→ **WORK REQUIRED**
Would you return, word for word, the lines of the data below from the line with "藏品(全緣括樓)的圖片" through the line with "Nemeth Farms Spray", and no others?

→ **SOURCE DATA**
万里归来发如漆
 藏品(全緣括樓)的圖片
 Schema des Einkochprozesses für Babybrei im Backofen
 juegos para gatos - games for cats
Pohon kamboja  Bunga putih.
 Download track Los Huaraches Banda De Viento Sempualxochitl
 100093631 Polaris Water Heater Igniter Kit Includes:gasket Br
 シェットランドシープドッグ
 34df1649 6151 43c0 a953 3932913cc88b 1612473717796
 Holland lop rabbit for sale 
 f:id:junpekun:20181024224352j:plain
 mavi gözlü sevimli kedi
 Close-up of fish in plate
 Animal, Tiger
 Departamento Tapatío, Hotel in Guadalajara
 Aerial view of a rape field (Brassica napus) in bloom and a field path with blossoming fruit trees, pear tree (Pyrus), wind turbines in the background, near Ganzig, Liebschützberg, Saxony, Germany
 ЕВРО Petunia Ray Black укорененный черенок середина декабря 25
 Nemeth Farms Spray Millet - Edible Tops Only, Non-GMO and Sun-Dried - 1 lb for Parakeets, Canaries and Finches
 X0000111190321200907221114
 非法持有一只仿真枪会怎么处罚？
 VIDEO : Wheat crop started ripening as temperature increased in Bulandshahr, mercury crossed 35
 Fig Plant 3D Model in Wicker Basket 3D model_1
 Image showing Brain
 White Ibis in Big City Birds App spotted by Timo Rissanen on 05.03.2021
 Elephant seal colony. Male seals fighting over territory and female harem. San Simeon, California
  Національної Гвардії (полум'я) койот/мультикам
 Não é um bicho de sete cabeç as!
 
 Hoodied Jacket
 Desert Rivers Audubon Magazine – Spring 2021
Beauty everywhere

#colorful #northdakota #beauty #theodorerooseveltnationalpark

→ **RESULT FOR THIS TASK**
 藏品(全緣括樓)的圖片
 Schema des Einkochprozesses für Babybrei im Backofen
 juegos para gatos - games for cats
Pohon kamboja  Bunga putih.
 Download track Los Huaraches Banda De Viento Sempualxochitl
 100093631 Polaris Water Heater Igniter Kit Includes:gasket Br
 シェットランドシープドッグ
 34df1649 6151 43c0 a953 3932913cc88b 1612473717796
 Holland lop rabbit for sale 
 f:id:junpekun:20181024224352j:plain
 mavi gözlü sevimli kedi
 Close-up of fish in plate
 Animal, Tiger
 Departamento Tapatío, Hotel in Guadalajara
 Aerial view of a rape field (Brassica napus) in bloom and a field path with blossoming fruit trees, pear tree (Pyrus), wind turbines in the background, near Ganzig, Liebschützberg, Saxony, Germany
 ЕВРО Petunia Ray Black укорененный черенок середина декабря 25
 Nemeth Farms Spray Millet - Edible Tops Only, Non-GMO and Sun-Dried - 1 lb for Parakeets, Canaries and Finches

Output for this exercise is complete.